### [DATA FOR PROCESSING]
------------------------
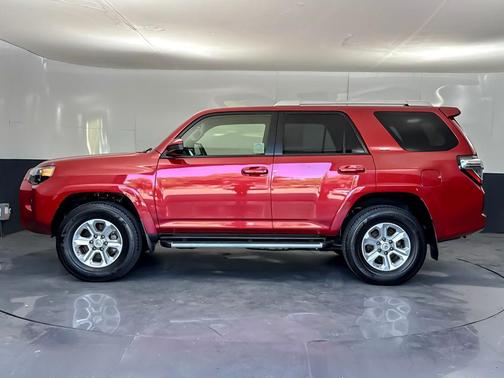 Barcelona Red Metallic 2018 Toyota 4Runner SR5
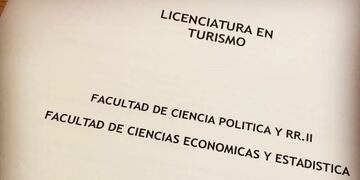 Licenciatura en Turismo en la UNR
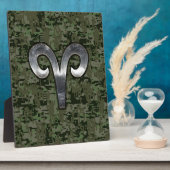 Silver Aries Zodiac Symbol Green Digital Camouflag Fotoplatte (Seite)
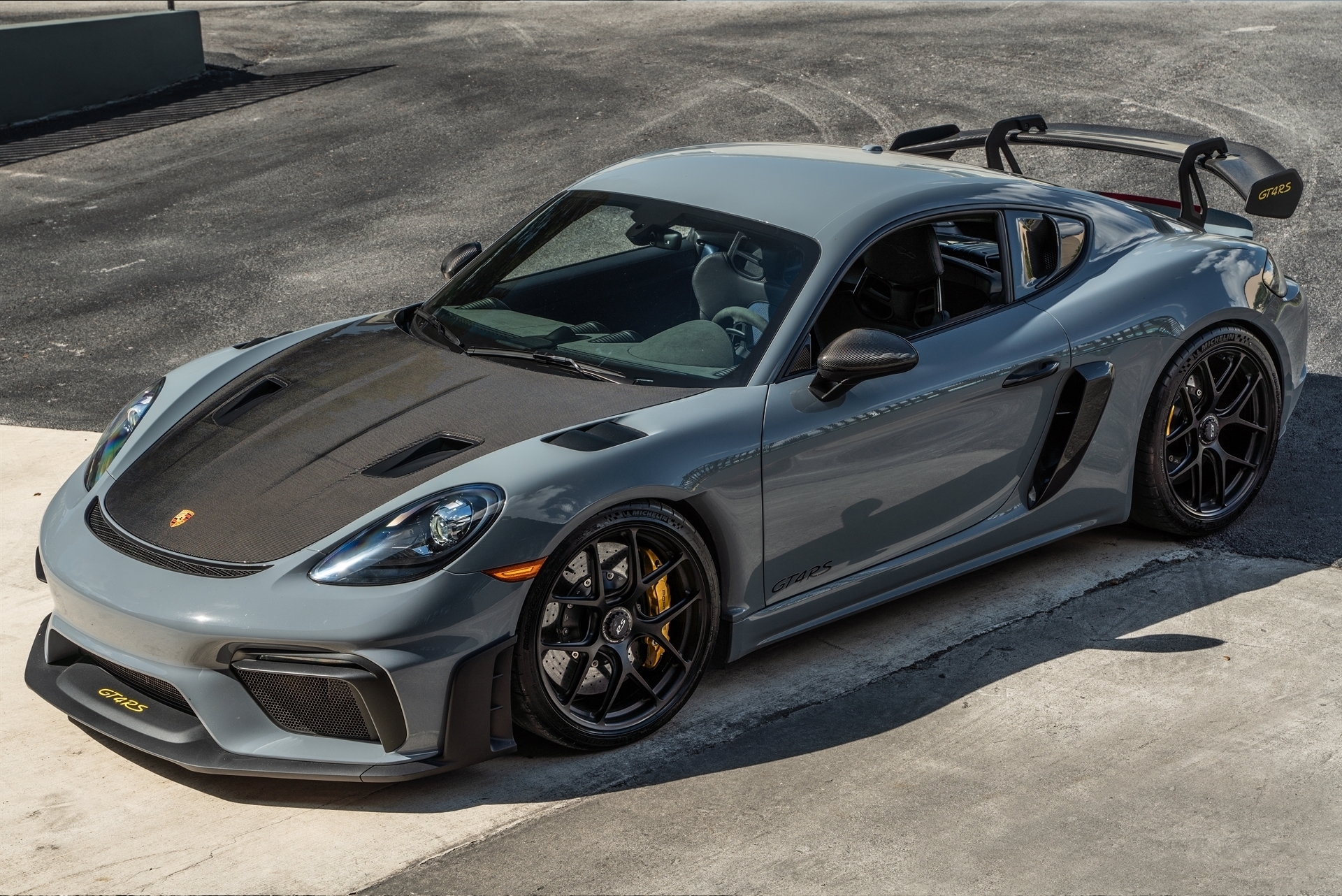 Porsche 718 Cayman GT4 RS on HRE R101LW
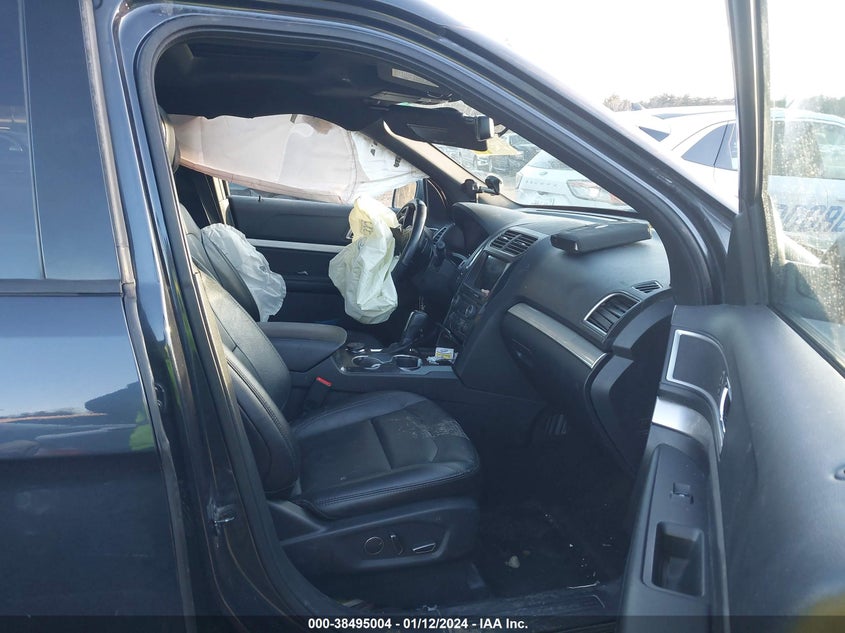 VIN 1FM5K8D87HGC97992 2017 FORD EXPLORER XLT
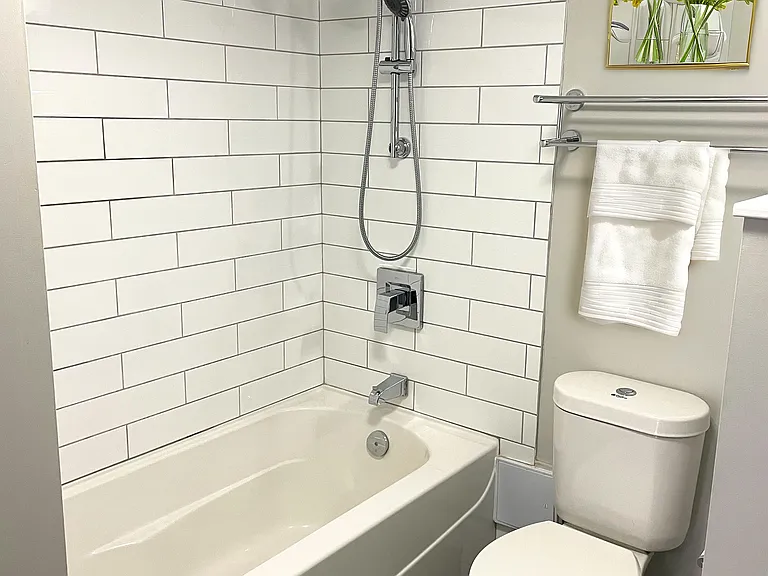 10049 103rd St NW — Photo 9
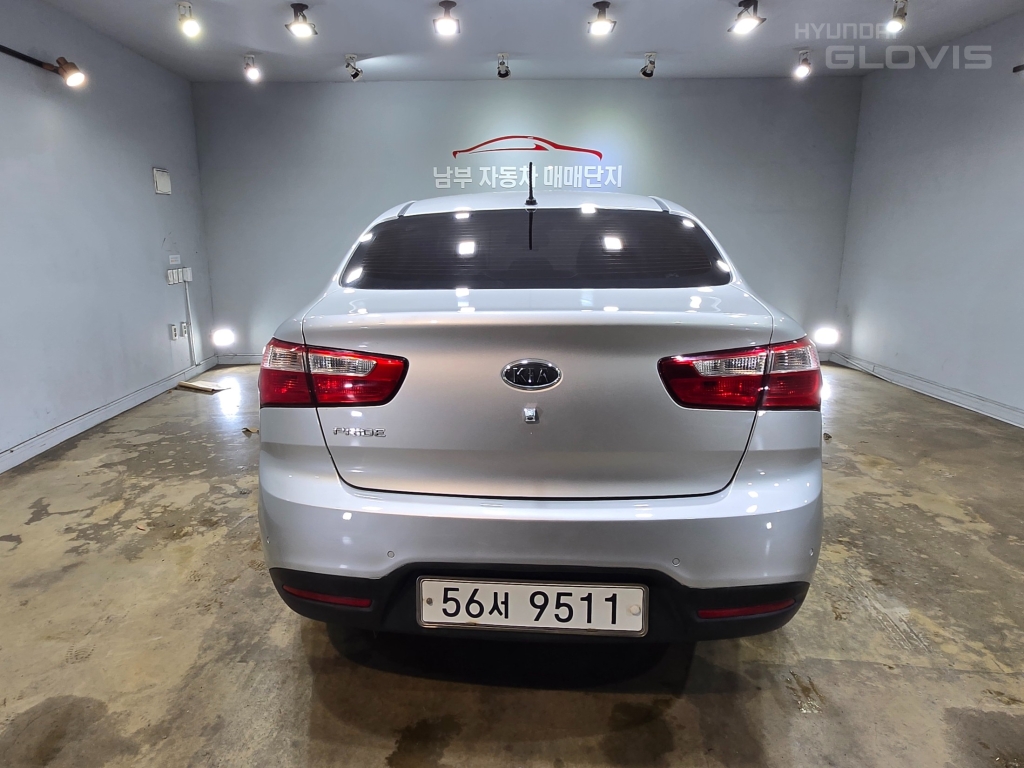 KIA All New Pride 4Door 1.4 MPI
------------------------
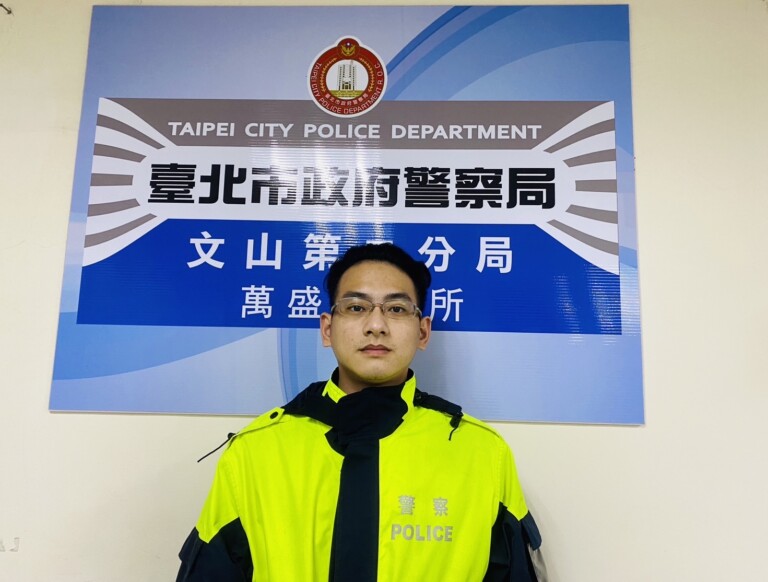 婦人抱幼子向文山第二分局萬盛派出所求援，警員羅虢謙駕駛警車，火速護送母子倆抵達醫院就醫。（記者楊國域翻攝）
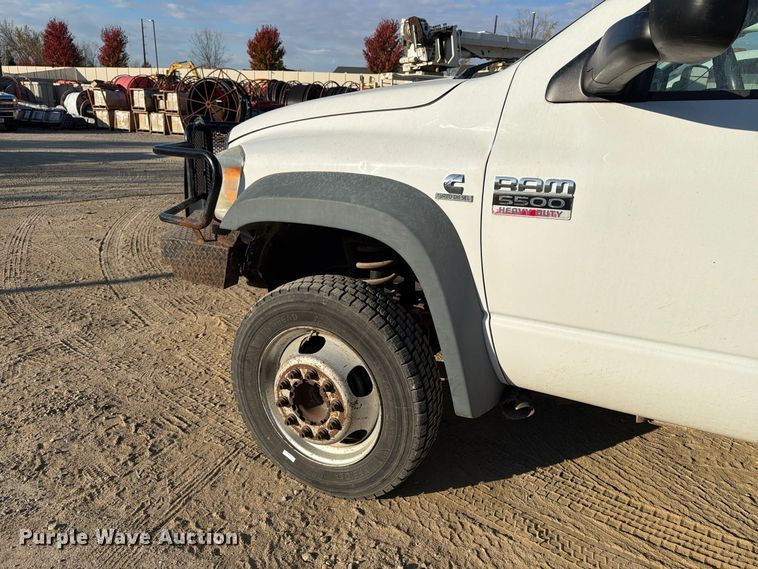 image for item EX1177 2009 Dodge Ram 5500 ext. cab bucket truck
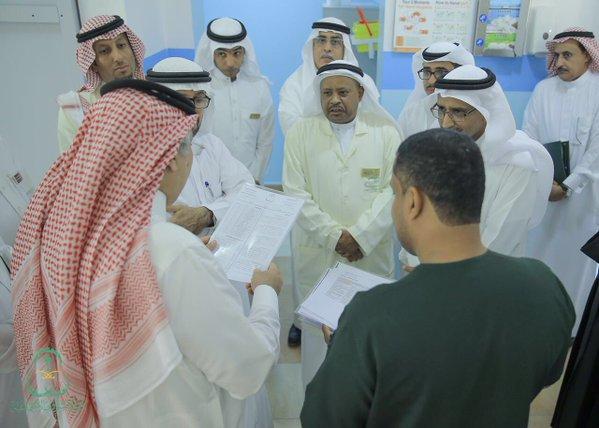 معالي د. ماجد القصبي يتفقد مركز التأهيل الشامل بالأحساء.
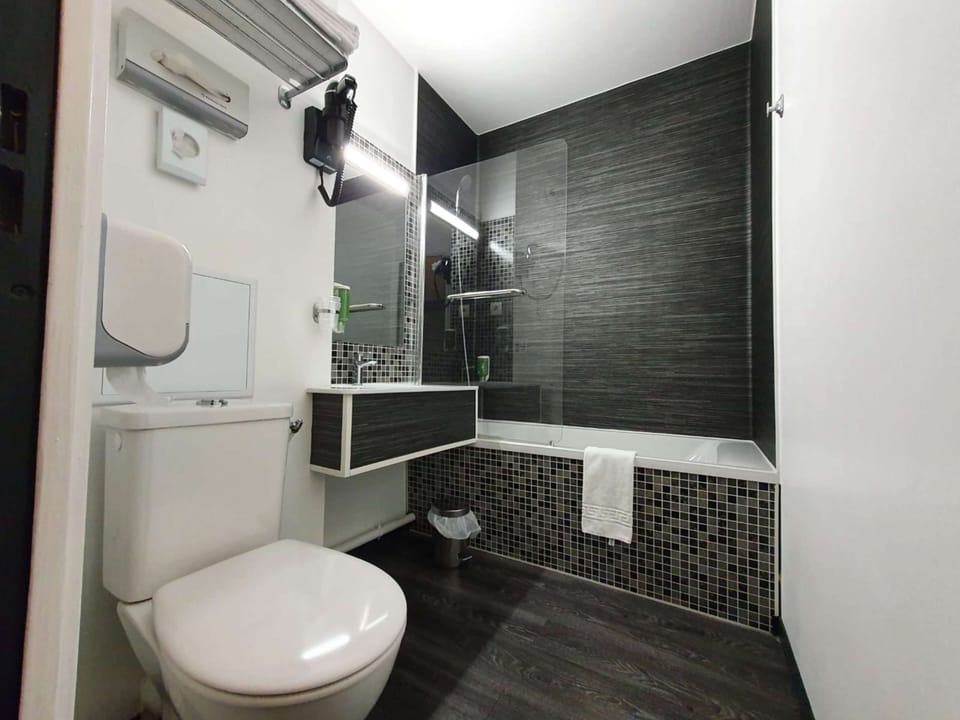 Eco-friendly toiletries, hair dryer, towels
------------------------
Above are entries with pictures among them. Write out exactly the lines from the one containing "Barcelona Red Metallic" through the one containing "KIA All New Pride 4Door 1.4 MPI", ends included, and leave those pictures out.

 Barcelona Red Metallic 2018 Toyota 4Runner SR5
 Licenciatura en Turismo en la UNR
 Silver Aries Zodiac Symbol Green Digital Camouflag Fotoplatte (Seite)
 Porsche 718 Cayman GT4 RS on HRE R101LW
 VIN 1FM5K8D87HGC97992 2017 FORD EXPLORER XLT
 10049 103rd St NW — Photo 9
 KIA All New Pride 4Door 1.4 MPI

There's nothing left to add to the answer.